» WHAT YOU WILL DO: Skip the pictures. Output only the lines below starting at the line with "I've got some" and ending at the line with "Next body care", both ends included, exactly as they are.

Dataset entries:
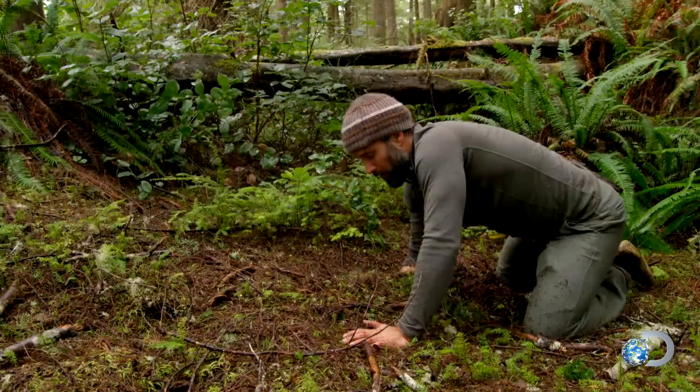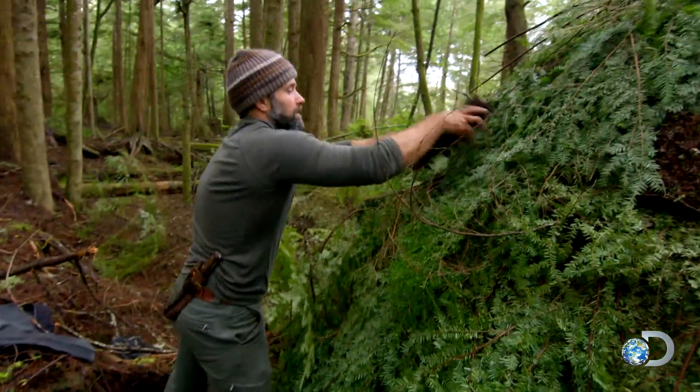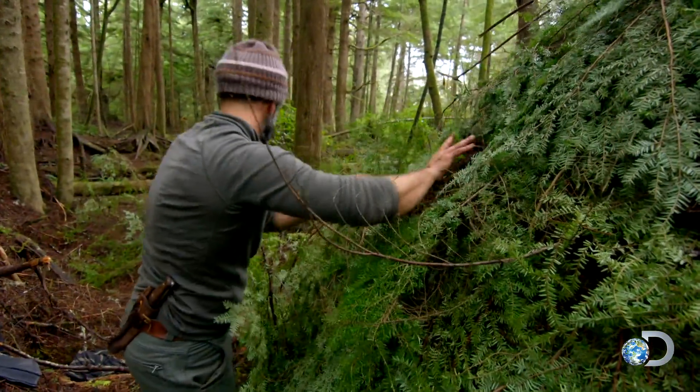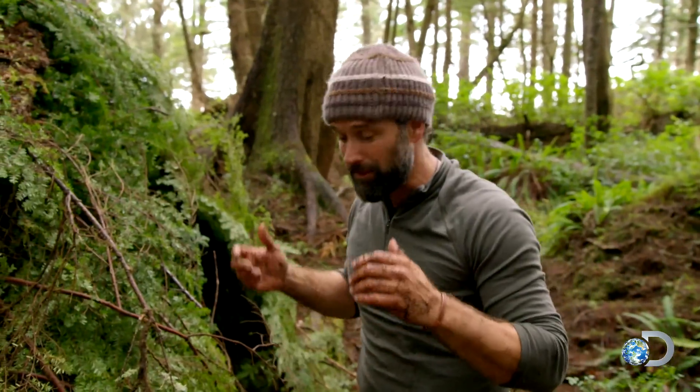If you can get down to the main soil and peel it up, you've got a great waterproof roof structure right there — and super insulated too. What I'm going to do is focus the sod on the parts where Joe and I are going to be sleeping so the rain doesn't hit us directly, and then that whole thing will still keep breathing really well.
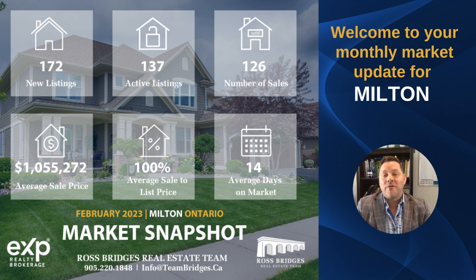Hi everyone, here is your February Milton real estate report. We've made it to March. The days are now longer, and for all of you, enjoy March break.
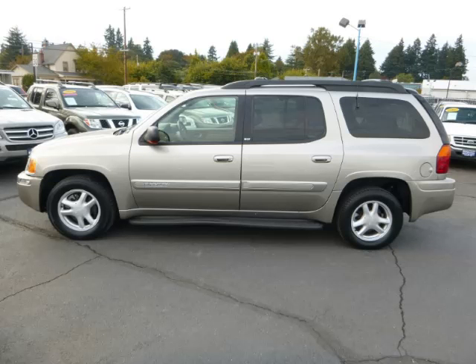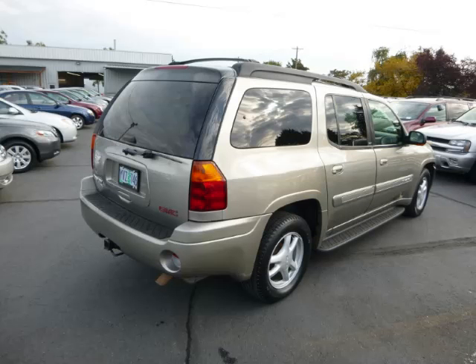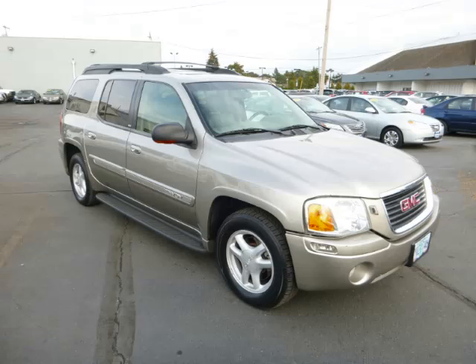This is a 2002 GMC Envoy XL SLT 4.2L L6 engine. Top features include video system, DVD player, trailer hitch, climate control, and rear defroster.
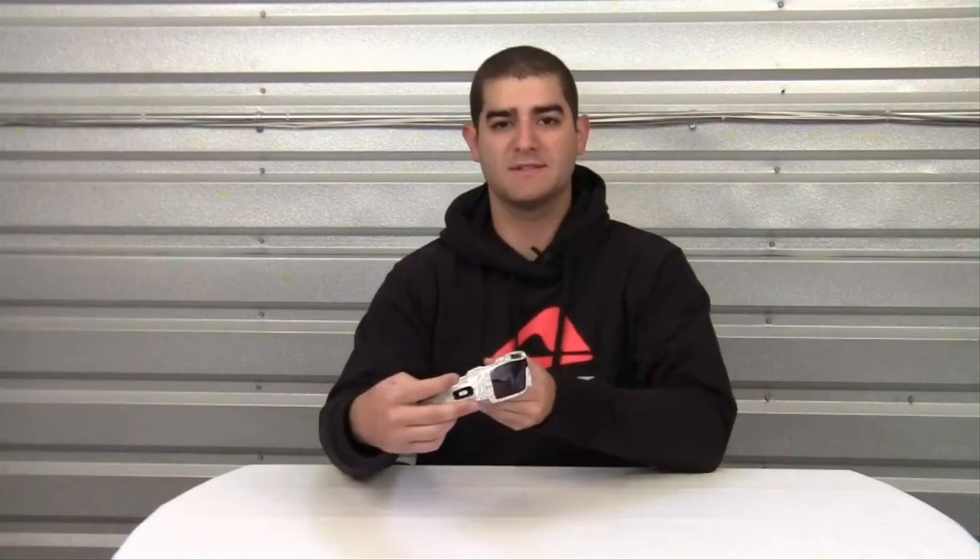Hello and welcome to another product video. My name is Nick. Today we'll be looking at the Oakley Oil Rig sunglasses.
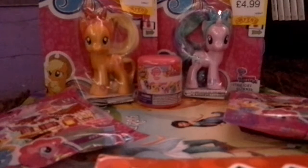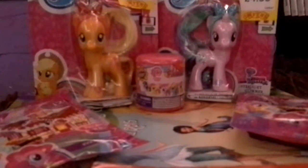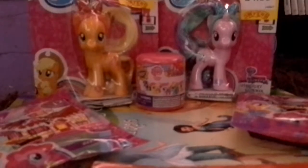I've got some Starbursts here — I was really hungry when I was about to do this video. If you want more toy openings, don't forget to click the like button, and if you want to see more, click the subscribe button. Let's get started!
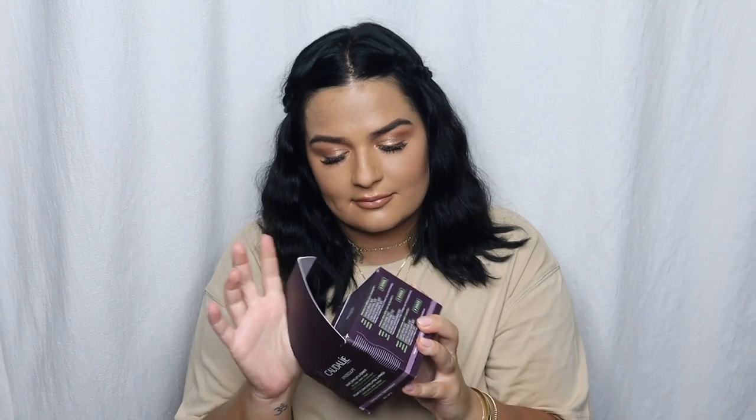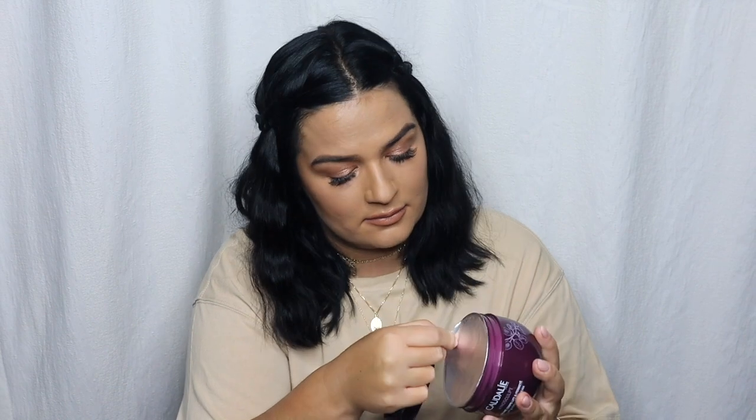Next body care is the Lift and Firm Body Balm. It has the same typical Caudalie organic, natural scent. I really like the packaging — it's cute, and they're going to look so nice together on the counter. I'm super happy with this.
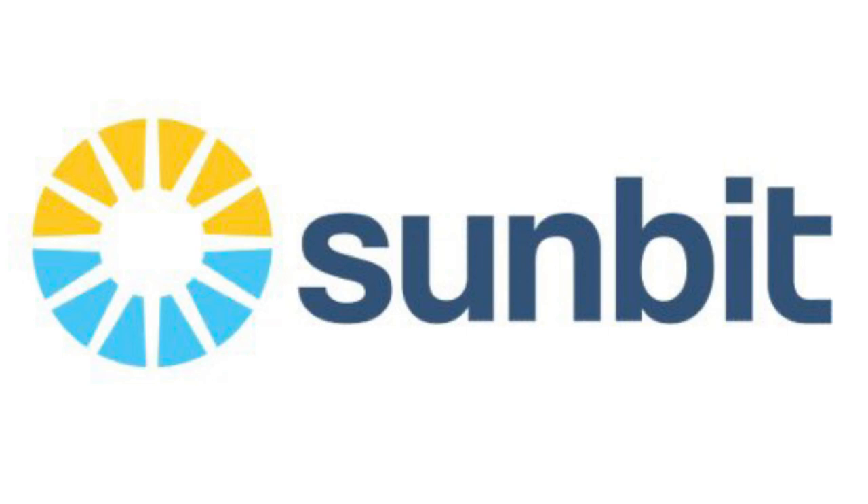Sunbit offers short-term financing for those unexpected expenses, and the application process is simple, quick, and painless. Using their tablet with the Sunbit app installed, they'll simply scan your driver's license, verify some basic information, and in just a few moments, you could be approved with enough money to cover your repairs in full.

» RESPONSE AREA:
I've got some Starbursts here — I was really hungry when I was about to do this video. If you want more toy openings, don't forget to click the like button, and if you want to see more, click the subscribe button. Let's get started!
Next body care is the Lift and Firm Body Balm. It has the same typical Caudalie organic, natural scent. I really like the packaging — it's cute, and they're going to look so nice together on the counter. I'm super happy with this.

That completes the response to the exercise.